Take Suspense Where You Find It

Having added substantially to our house's book-holding capacity in last year's remodel, every volume I own is on a shelf for the first time since high school.  No more cartons in the garage.  I have books bought before my Bar Mitzvah and books bought this week standing upright ready to be read by one of my kids or by me.  My eyes are bigger than my stomach and plenty of the books I own are unread.  Tuesday night I was patroling the bookshelves looking for something to read. 

I started a few mysteries and, following the 50-page rule, put them back down.  They didn't grab me.  Books by the same author are grouped together in the Raffel Decimal System.  I noticed that the two authors with the most representation on the shelves were Edgar Rice Burroughs (21 of the Mars, Tarzan, and Venus series bought in my youth for 50 cents) and the pseudonymous Victor Appleton II (19 of the Tom Swift Jr. series in $1.25 hardbacks).  On the adult side I counted 8 Philip Roths, 9 Ross Macdonalds (mostly cheap paperbacks bought for 30 pence when I was studying in England), 8 C.P. Snows, 10 Dorothy Dunnetts.  No surprises there -- love them all.  But I was surprised to discover I had 9 Anita Closed_eye Brookners.  I ended up starting A Closed Eye, a 1991 novel.  And could not put it down.  I stayed up till 1 A.M. to finish. 

Now Ms. Brookner breaks every rule about writing that I was taught.  Show not tell, I was always told.  A Closed Eye was 262 pages with minimal dialogue -- it's almost all tell.  There's little action and the climax happens off-stage.  The book opens with a letter from Harriet Lytton to Lizzie, obviously a younger woman, who is invited to stay with her in Switzerland, but is warned not to mention one name on her visit.  So I raced through the book to discover what Harriet is doing in Switzerland and whose name ought not be mentioned.  Once I figured out who could not be mentioned, I kept reading to find out what happened to her.  Once I discovered what happened, I kept reading to see Harriet's reaction.  Though little happened, the book was chockful of suspense. Which goes to prove that every good novel is a mystery.  In my work-in-process, Two Graves, an editor shortened my paragraphs to punch it up.  Ms. Brookner's paragraphs usually run half a page and oftentimes more.  Did I learn anything from reading the book?  That everyone is the hero of his/her own life?  Maybe.  I'm still thinking. Brookner

Anita Brookner

Comments

I thhink Brookner is a genius. I know the rap on her is, read one, read 'em all--like Vivaldi. But just because someone knows a certain world, doesn't mean they can't do great things with it.

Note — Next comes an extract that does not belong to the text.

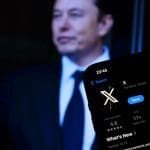 Een afbeelding van Elon Musk op de achtergrond, met op de voorgrond een afbeelding van X (voorheen Twitter) in de App Store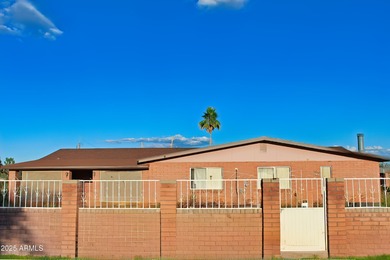 (private lake, pond, creek) Home For Sale in Sierra Vista Arizona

Remember Barbara Pym or Jane Austen.

"Which goes to prove that every good novel is a mystery."

How true. Once I start reading a book, I am propelled forward by wanting to know. Terrie

Patti -- I must confess to being a Barbara Pym fan, too. Have you tried Elizabeth Taylor? (Not that one. The novelist.) How about the early Margaret Drabble? What is it about the English female writers?

Terrie -- Nice hearing from you.

Love Elizabeth Taylor. Just saw Mrs. Palfrey at the Clairmont--almost as good as one on the page. Also In a Summer Season and several others.
The early Margaret Drabble's were stunning. Much less pretentious than her sister. She did fade over time for me as did Anne Tyler, Alice Munro, Alison Lurie. Or maybe my tastes changed. Thanks for reminding me of Taylor though.

Patti, and there's the Doris Lessing of Martha Quest, too. (Does colonial Rhodesian count as English?) Am looking forward to seeing Megan at M is for Mystery tomorrow!

Have to answer that. Loved Martha Quest. I have all Doris Lessing's memoirs on the TBR pile. Someday.
Hope Megan was holding up. This book touring stuff is hard.

Patti,

Megan was fine. Will blog on that, probably tomorrow.

Just thought of another favorite English female. Penelope Lively. The Photograph, Heat Wave. Both terrific. Have Moon Tiger on my pile.